Il est désormais interprété comme un acteur hybride, mêlant :
- insurrection locale,
- alliances opportunistes avec des groupes djihadistes,
- et insertion dans des dynamiques géopolitiques plus larges.
Cette perception ferme la porte, à court terme, à toute reprise d’un dialogue politique structuré.
Le Sahel, nouveau théâtre des rivalités globales
Au-delà du terrain militaire, le conflit s’inscrit dans une recomposition stratégique du Sahel. La région est devenue un espace de compétition entre modèles d’influence, où s’opposent :
- des États sahéliens cherchant à affirmer leur souveraineté sécuritaire,
- des puissances étrangères impliquées dans des logiques de partenariat ou d’influence,
- et des groupes armés qui exploitent ces fractures.
Dans ce jeu complexe, la question touarègue apparaît de plus en plus instrumentalisée, perdant progressivement sa lisibilité politique initiale.

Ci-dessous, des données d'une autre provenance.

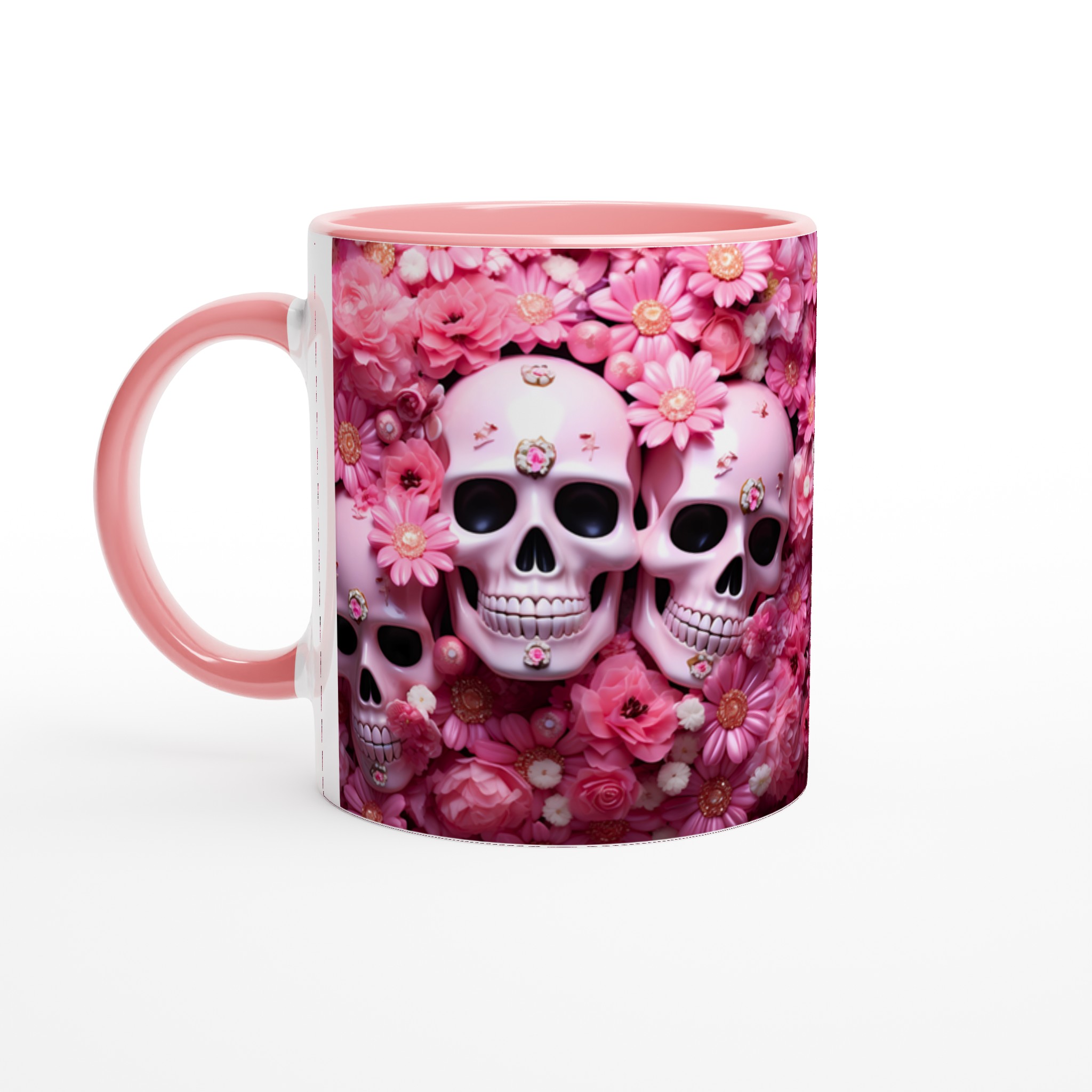 Romantisk Skull Blossom 11oz Keramikmugg – En touch av rosa mystik för din fika 6 9256833f-e6f3-4c48-9199-44f7794431db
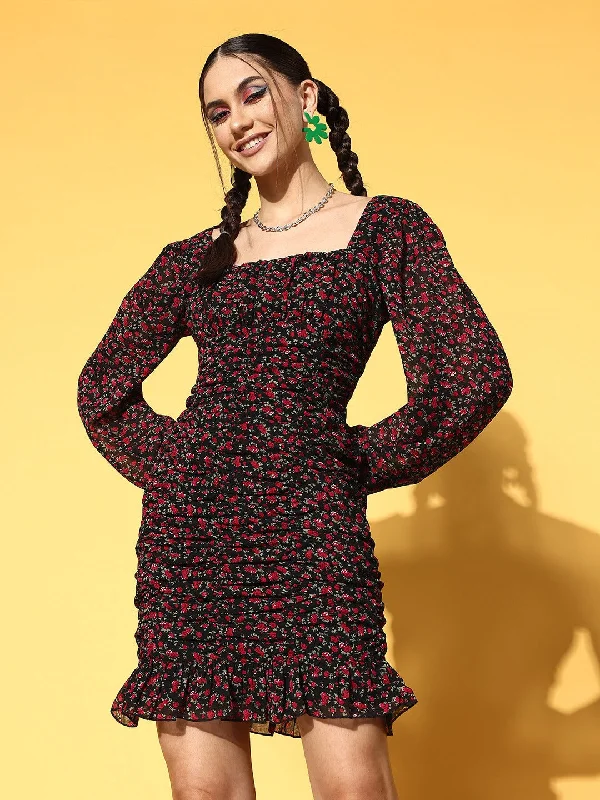 Berrylush Women Black & Red Ditsy Floral Printed Square Neck Georgette Ruched Bodycon Mini Dress Trendy Tie-Dye Mini Dress Berrylush Women Black & Red Ditsy Floral Printed Square Neck Georgette Ruched Bodycon Mini Dress Trendy Tie-Dye Mini Dress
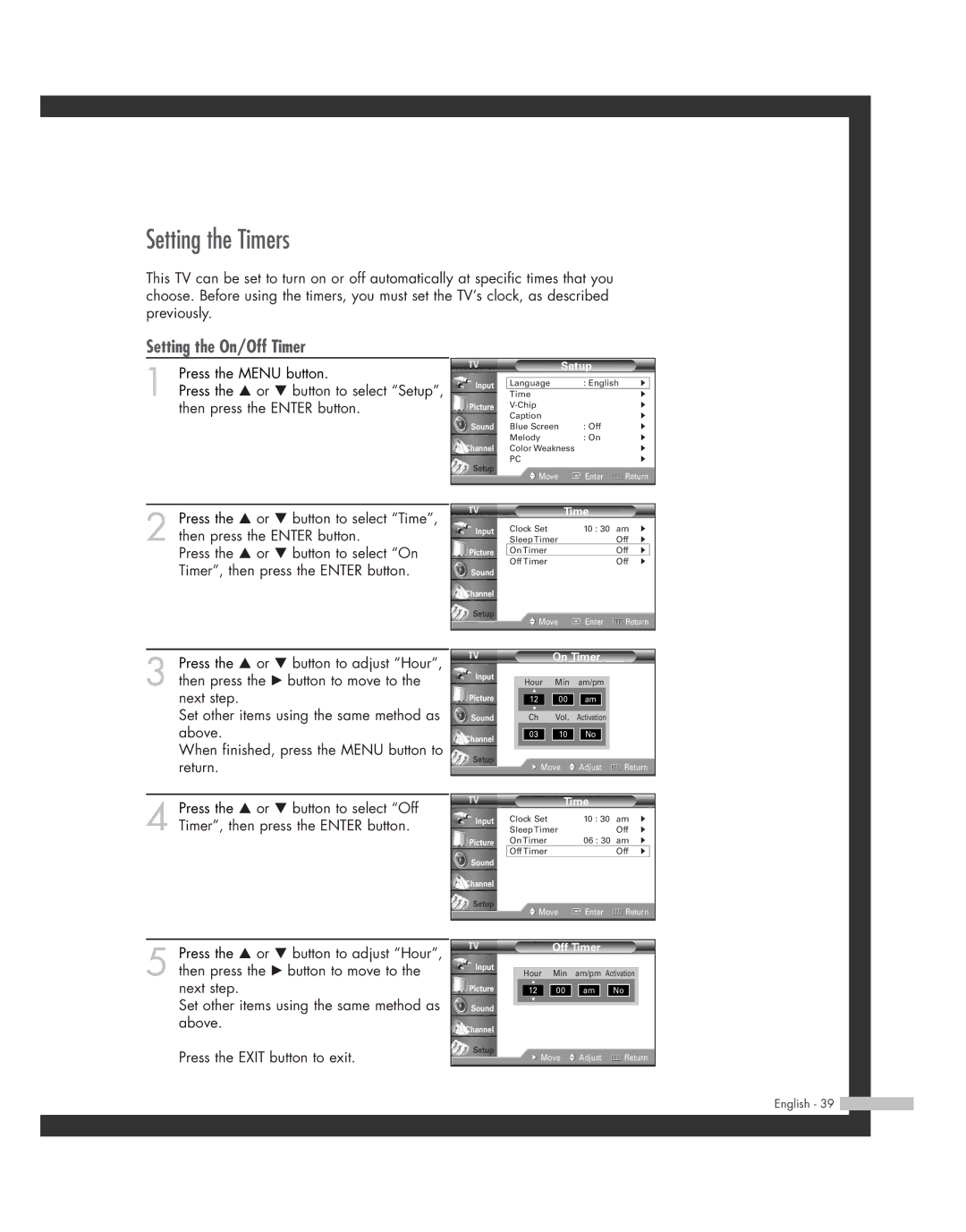 Samsung HL-R5662W, HL-R6162W, HL-R4662W, HL-R4262W, HL-R5062W, BP68-00493D-00 Setting the Timers, Setting the On/Off Timer 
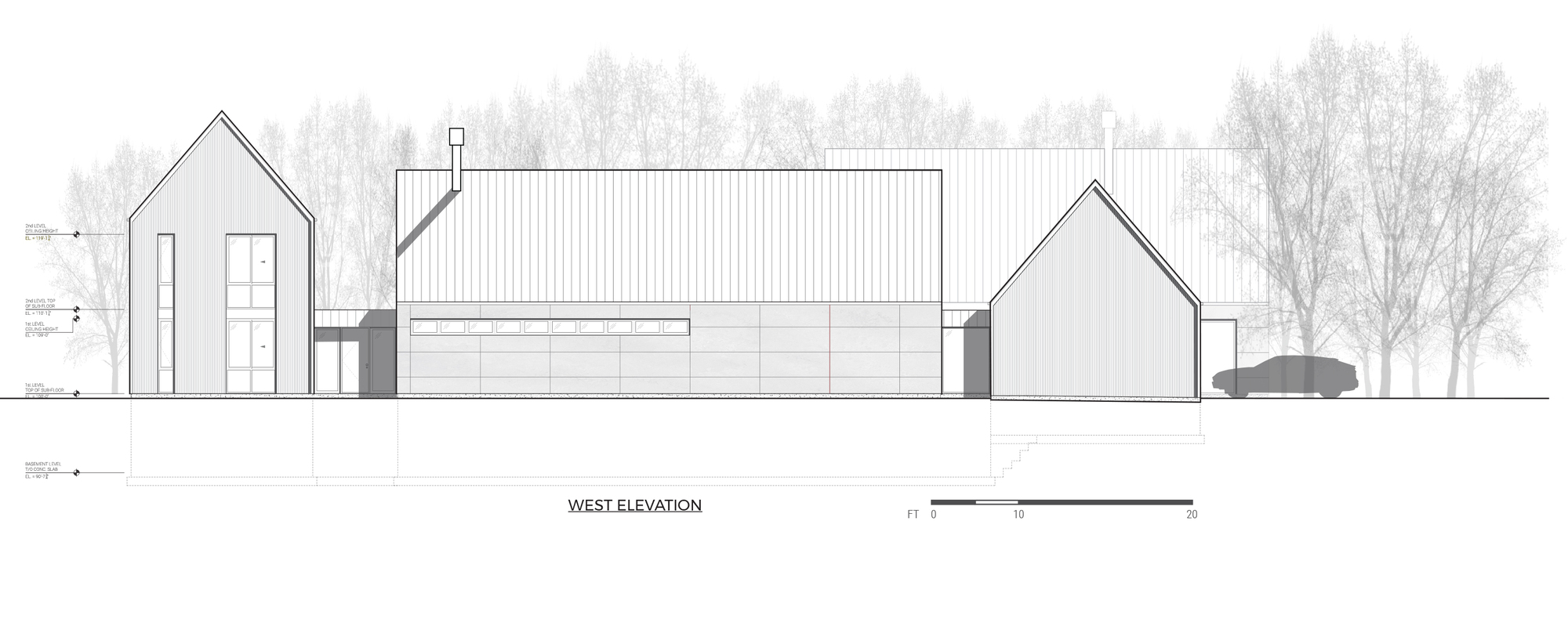 West elevation drawing showing two gabled volumes flanking a central rectilinear barn form with trees and a car
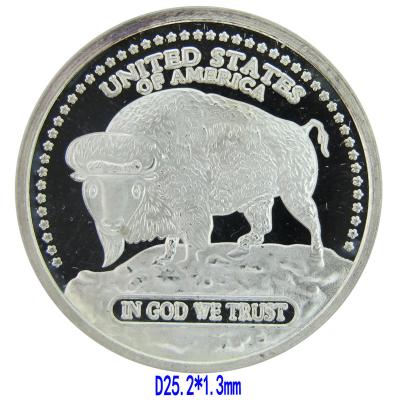 China Europe Investment Bullion Dealers 5 Gram Fine Silver Buffalo Coin 999 Silver, Indian Round C31 for sale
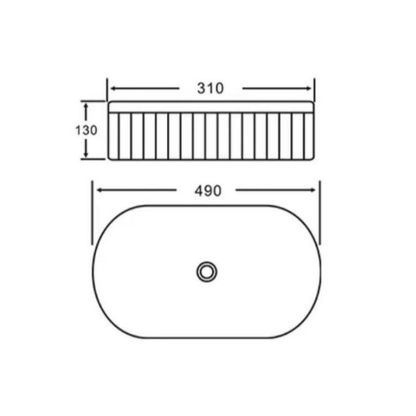 Richmond Ribbed Arch Console Basin 490*310*130mm
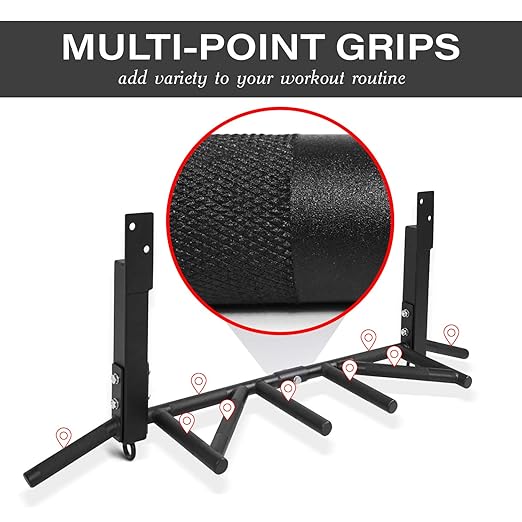Yes4All Joist Mounted Pull Up Bar, Heavy Duty Multi Grips Joist Mount Pull Up Bar, Chin Up Bar Ceiling Mount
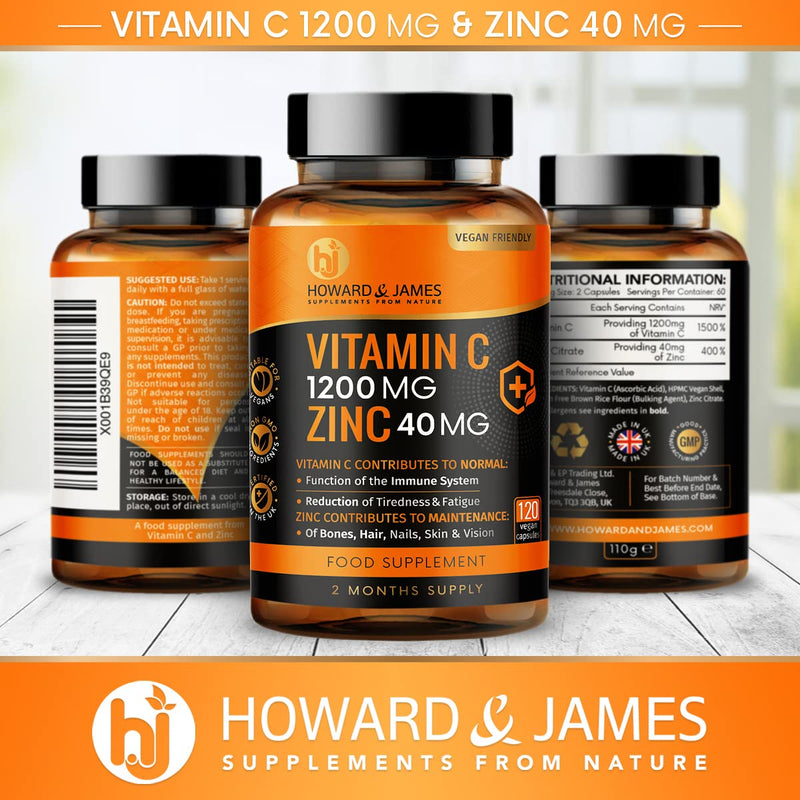 [Australia] - Vitamin C 1200mg and Zinc 40mg per Daily Serving - 120 High Strength Vegan Capsules with Ascorbic Acid - 2 Month Supply - Made in The UK by Howard & James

une cause diluée dans la guerre des influences
Ce qui fut autrefois une revendication identitaire structurée se trouve aujourd’hui dilué dans un environnement de guerre hybride, où les lignes entre insurgés, jihadistes et acteurs géopolitiques deviennent de plus en plus poreuses.
Pour les États sahéliens, l’enjeu n’est plus seulement territorial. Il s’agit désormais de résister à une fragmentation politique et sécuritaire susceptible de remettre en cause l’ensemble de l’équilibre régional.